'Long COVID' poses unique challenges for providers seeking answers | Modern Healthcare

2022-05-28 23:44:04 By : Ms. Cherry Wu

Health systems are devoting resources to research and treatments for patients with "long COVID" symptoms, who comprise a significant portion of those infected with COVID-19.

One in five COVID-19 survivors between 18 and 64 years old have experienced at least one post-acute condition, according to a study the Centers for Disease Control and Prevention published Tuesday. Around one-quarter of COVID-19 patients 65 or older reported persistent symptoms more than a month after having acute COVID-19, the CDC found.

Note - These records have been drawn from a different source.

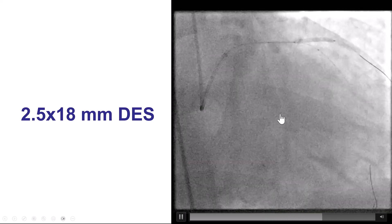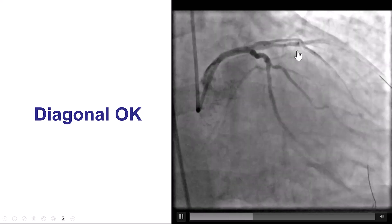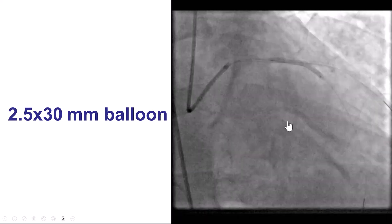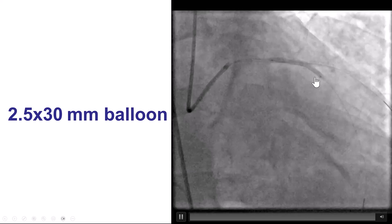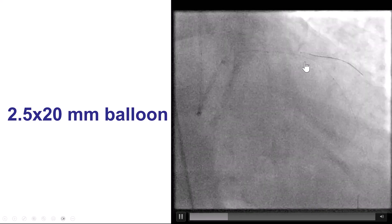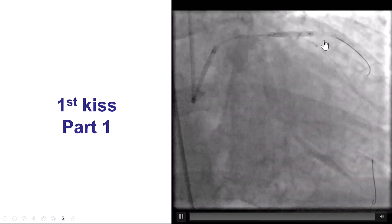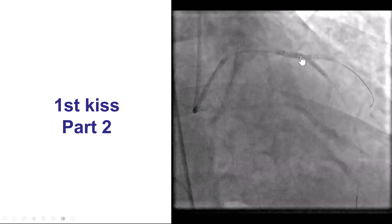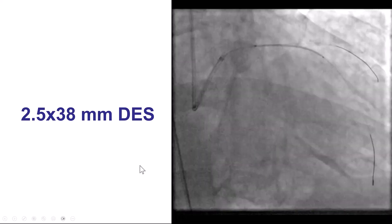The stent was deployed, and then we confirmed that we had good distal flow before crushing it with a 2.5-by-30-millimeter balloon that had been placed before. We were then able to rewire. We advanced a small balloon into the circumflex and did the sequential kissing — first into the diagonal branch, then into the LAD, and then together. So that was the first kiss.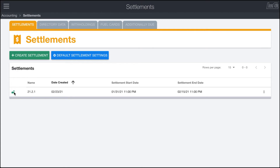After we complete the settlement and lock it, it will be archived and not be able to be deleted. You may notice that the dates here look a little different — that's because my computer is in Mountain Time but I selected Central Time, so Load Call will automatically do any corrections and display it in the time zone that your computer is in.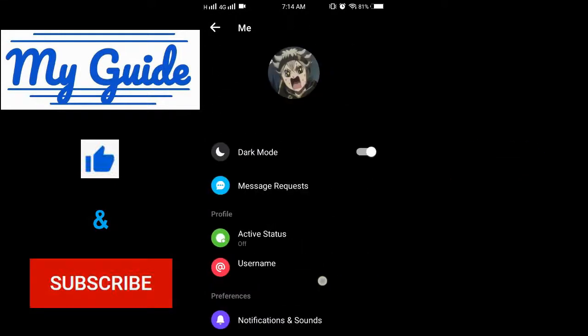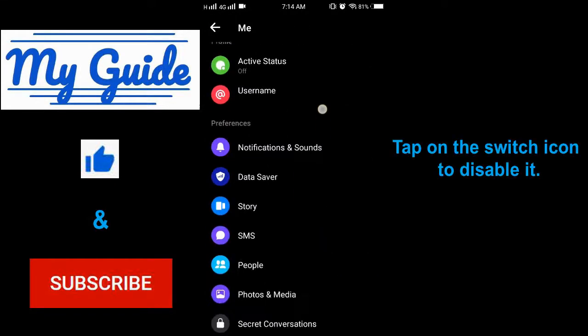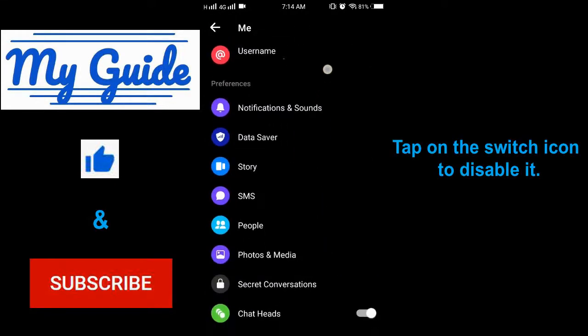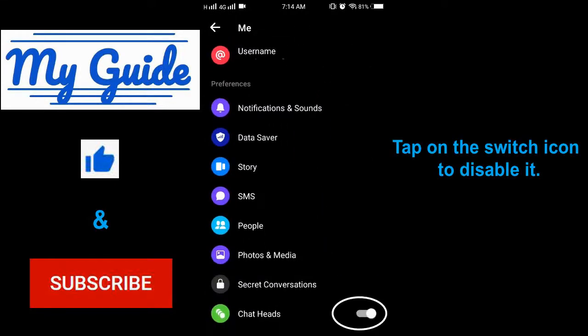Scroll down. Tap on the switch icon to disable it.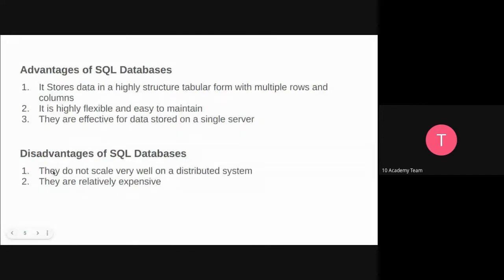Some advantages of SQL databases: they store data in a highly structured tabular form, which makes it easier to access. Since it has a very structured way of organizing data with multiple rows and columns, it is easier to scale vertically. We can have multiple rows in SQL databases and it's easier to structure them if we want to scale. It's highly flexible, easy to maintain, and effective for storing data on a single server.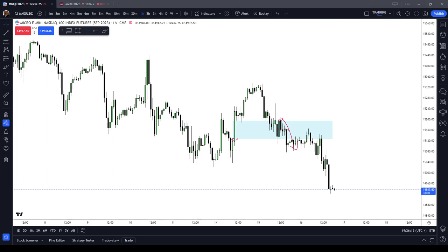In this ICT Basics video, we covered re-delivery and re-balance of fair value gaps.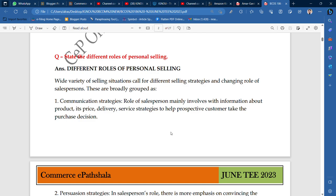Hey guys, welcome to Commercy Paatshallah. You guys are very good and you will be able to facilitate the exam. I will make videos. We have notes available in all subjects from 1st year, 2nd year and 3rd year.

The agency analyzed de-identified data from 63.4 million electronic health records of patients with and without COVID-19 from March 2020 through November 2021.

Toward the beginning of the pandemic, Rush University Medical Center in Chicago, like other health systems, recognized the need for a separate clinic to treat patients with an immunological condition known as long COVID, said Dr. James Moy, an internal medicine professor at Rush Medical College.

To address issues such as "brain fog," fatigue, muscle aches, numbness, loss of taste and smell, heart palpitations, and lung damage, the long COVID clinic utilizes specialists from various disciplines to treat symptoms, Moy said.

"We're approaching it as a targeted supportive measure for our patients because each long COVID case presents subtly different," said Dr. Thomas Gut, director of the Post-COVID Recovery Center at Staten Island University Hospital in New York.

Among former COVID-19 patients, 38% experienced a long-term health condition, compared to 16% of patients no evidence of COVID-19 infection, the CDC study found.

The most common health issues for COVID-19 survivors include respiratory problems and musculoskeletal pain. Patients also experience cardiovascular, hematological, renal, endocrinal, gastrointestinal, neurological, pulmonary and psychiatric symptoms.

Adult COVID-19 survivors have twice the risk for pulmonary embolisms or respiratory conditions as those who didn't contract the disease, according to the CDC report.

Providers are still investigating medications and other therapies for long COVID patients, as well as researching post-acute conditions and how they manifest, Gut said.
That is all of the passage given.